Population density is represented by the population distribution expressed as the absolute number of people per unit mapping. High population density could increase the potential for damage to areas and conditions exposed to natural disasters. Rapid growth in high-density areas would lead to low quality housing, and the social services network would not align with the process of adaptation to growing populations [11, 24]. Problems with the communication and assimilation of local cultures among new migrants would result in poor delivery of disaster relief information, or disaster recovery process that would increase their vulnerability [13, 21, 22, 25].

Household variables is applied to the family structure, for single-parent households and large households are categorized as potentially vulnerable when combined with unstable socio-economic circumstances that prohibit them from generating adequate income to support their dependencies [5, 12].

Residential property. Vulnerable buildings are a significant factor that could cause damages and destruction of property in the event of an earthquake. Collapsed walls or large objects falling from buildings would cause many people to be injured or killed in the event of earthquakes. The density of buildings, specifically residential buildings, is determined by the number of physical buildings relative to the number of areas most likely to be affected by the earthquake [21, 26]. As a result, areas with high density of residential buildings have higher rates of risk and vice versa.

Seismic hazard. Seismic hazards refer to hazards associated with the possibility of earthquake in a geographical region, where the seismic hazard map indicates the relative hazards in a specific area [27]. One of the crucial components in generating a seismic hazard map is the distribution of maximum peak ground acceleration (PGA) within a return period. PGA is a measurement of earthquake intensity in measuring the severity of earthquake damage related to the basis of calculation applications in construction fields such as the assessment of earthquake-resistant structure, building code, seismic hazard risk and more. Therefore, the PGA value is closely related to the Modified Mercalli Intensity (MMI) intensity scale in measuring earthquake damage potential.

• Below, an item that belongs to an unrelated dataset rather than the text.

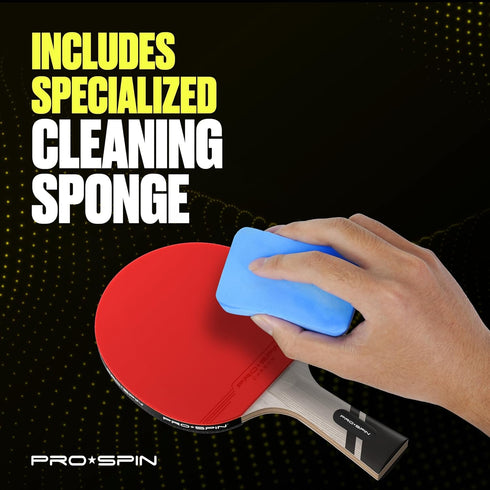 PRO SPIN Ping Pong Paddle Cleaner - Table Tennis Rubber Cleaning Kit - 200ml Rubber Cleaner & Sponge Included | Eliminate Dirt & Dust | Optimal Sp...
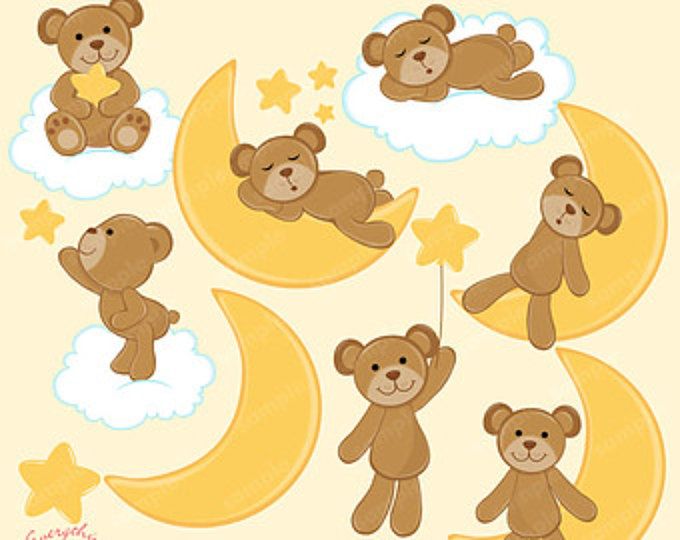 Sweet Dreams Bear2 Clipart Set Etsy Bear Clipart Clip Art Teddy Bear Clipart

Seismic hazard maps provide valuable information on the seismic hazard zone to help authorities identify the level of earthquake threat and assist in the development and planning of disaster response. The classification of seismic hazard zone for the study area is based on Table 2 [28] and shown together with faults distribution in Figure 4. The Bentong district in the central-west part of Pahang lay within the hazardous seismic zone, which encompasses the Bukit Tinggi Fault. The majority of the areas that are at lower risk of earthquake hazard are situated either in Zone II or Zone III of the region.

Table 2. Comparison of Richter scale magnitude with Modified Mercalli Intensity (MMI) scale

Magnitude

Maximum Modified Mercalli Intensity

1.0 – 3.0

I

3.0-3.9

II – III

4.0 – 4.9

IV – V

5.0 – 5.9

VI – VII

6.0 – 6.9

VII – IX

> 7.0

VIII and above

Figure 4. Seismic hazard zone and faults distribution in Pahang

2.2.2 Multivariate data analysis to social indicators

Various techniques have been used to determine the vulnerability index of areas to earthquake [29-32]. This research has been carried out in accordance to Iyengar and Sudarshan's approach, which essentially is a multivariate data analysis method in normalizing and calculating the weighting for selected indicators excluding the seismic hazard component. The standardization of the multi-source data was performed through the following normalization Eq. (1) [33, 34]. The normalized values fall between 0 and 1 [35].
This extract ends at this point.